Already on GitHub? Sign in to your account

Missing matches on announce where announce name is different #606

Open
skifavp opened this issue Mar 4, 2024 · 13 comments
Open

Missing matches on announce where announce name is different #606

skifavp opened this issue Mar 4, 2024 · 13 comments
Labels
enhancement enhances existing features search Related to search

Comments

@skifavp
Copy link

skifavp commented Mar 4, 2024

Tracker A announces as: TV.Show.S01E01.Episode.Name.1080p.AMZN.WEB-DL.DDP5.1.H.264-NTb
It will match with trackers via search on complete downloads or irc announce who use the same name announce method.
However some sites do: Showname S01E01 1080p AMZN WEB-DL DD+ 5.1 H.264-NTb, it wont match, so far i tried different settings between true/false. The actual filename is of course the same on one site the .torrent name the way it supposed to be, but IRC announce name is not. Anyway to improve it?

@zakkarry
Copy link
Collaborator

zakkarry commented Mar 7, 2024

There's a threshold and distance variable we use for reverse lookups, and depending on the differences this will either match or not. Given the nature of potential releases being named differently, if we decide to loosen the restrictions to allow MORE (not all) of releases like this to match, it also allows for releases with the same amount of changes to match causing erroneous snatching of torrents and potential mismatches.

It's a pretty difficult thing to narrow down to effective but not too loose. I have plans to look into tightening (not loosening) the reverse lookup matching, however it may be possible to integrate some sort of parsing logic to match in situations like you describe, where we look up group, season/ep, and title, and match accordingly.

It's something I'm personally aware of, but haven't really worked much on.

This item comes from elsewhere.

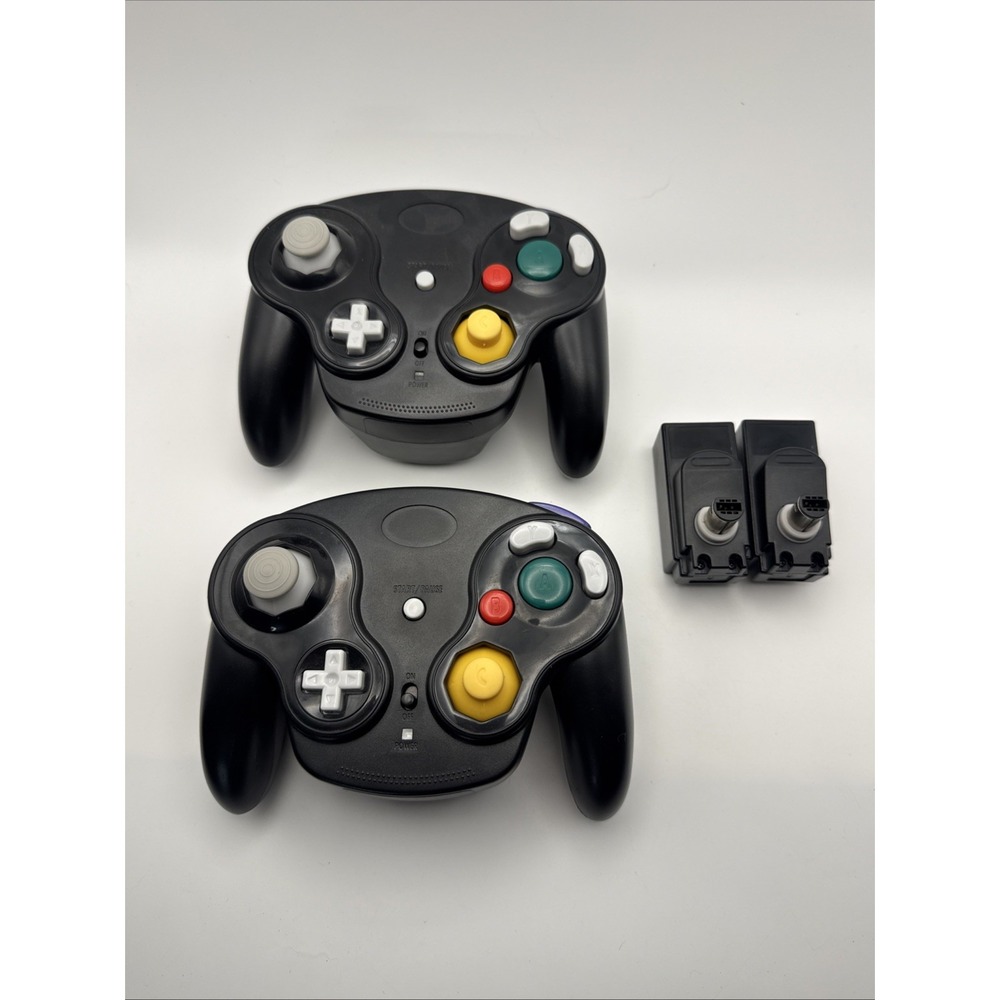 LOT OF 2 Wireless GameCube Controllers + Adapters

@zakkarry zakkarry added search Related to search enhancement enhances existing features labels Mar 7, 2024
@zakkarry zakkarry changed the title Miss match on torrents with slightly different release names. The actual filename/.torrent file name is the same. Missing matches on announce where announce name is different Mar 8, 2024
@MaddyTP
Copy link

MaddyTP commented Mar 30, 2024

What if a library similar to 'guessit' were used to parse/sterilize filename to improve matching?

https://guessit.readthedocs.io/en/latest/

GGBot uses guessit with excellent results when checking for duplicates. Obviously this is a python package, the method could probably be reverse engineered.

@zakkarry
Copy link
Collaborator

the problem is trackers essentially obfuscate the real torrent name. for essentially no reason.

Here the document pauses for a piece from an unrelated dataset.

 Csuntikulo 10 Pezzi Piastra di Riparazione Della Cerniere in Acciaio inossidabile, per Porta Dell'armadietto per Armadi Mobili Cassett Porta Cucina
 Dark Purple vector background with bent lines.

this isn't an issue generally with searches, but reverse lookups from rss and announce.

@ninboy
Copy link

ninboy commented Apr 25, 2024

Some unsolicited advise:
Maybe an option for fuzzy search that ignores special characters like , ., +, &, - and _ , so it always compares a "sanitized" name. That would increase also matches against trackers that replace DD+5.1 for DD5.1.
Special cases could be the + which is sometimes replaced by P (DDP5.1), or the & which sometimes is replaced by and

@zakkarry
Copy link
Collaborator

Our fuzzy matching is loose enough that the separators used are not an issue in almost any case that would occur regularly.

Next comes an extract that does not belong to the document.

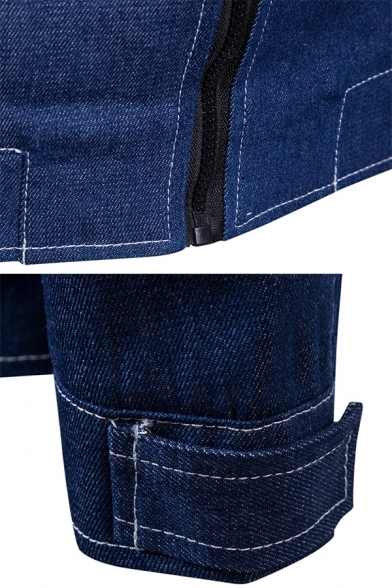 Simple Plain Drawstring High Collar Long Sleeve Zip Up Slim Fit Casual Denim Jacket with Flap Pocket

Generally what we see is groups removing episode titles or something else significant with RSS or IRC announcements.

@ppkhoa
Copy link

ppkhoa commented May 21, 2024

I have a few examples here to show that tracker announces does not contain filename, at all, and therefore, will not match:

Actual filename from open trackers/release group's RSS feed: [SubsPlease] Boukyaku Battery - 07 (1080p) [8DFEE2F1].mkv
1st tracker announce: Boukyaku Battery - 07 (2024) [SubsPlease] [WEBRip] [HD 1080p]
2nd tracker announce: [SubsPlease] Boukyaku Battery - 07 [Web][MKV][h264][1080p][AAC 2.0][Softsubs (SubsPlease)][Episode 7]

Although, cross-seed later matched those via RSS feed. I assume this is because cross-seed grabbed the torrent via the download link included in RSS feed and checked the filename/hash, can we do the same for announces? (torrent download link is already included in the payload anyway)

@zakkarry
Copy link
Collaborator

Snatching every torrent that is sent via announce is not really something we would want to do.

Snatches are prefaced with quite a bit of filtering and verification, because most trackers consider snatching torrent files without downloading/seeding to be not appreciated.

@ppkhoa
Copy link

ppkhoa commented May 21, 2024

Maybe have an option to run a search using the name from announces?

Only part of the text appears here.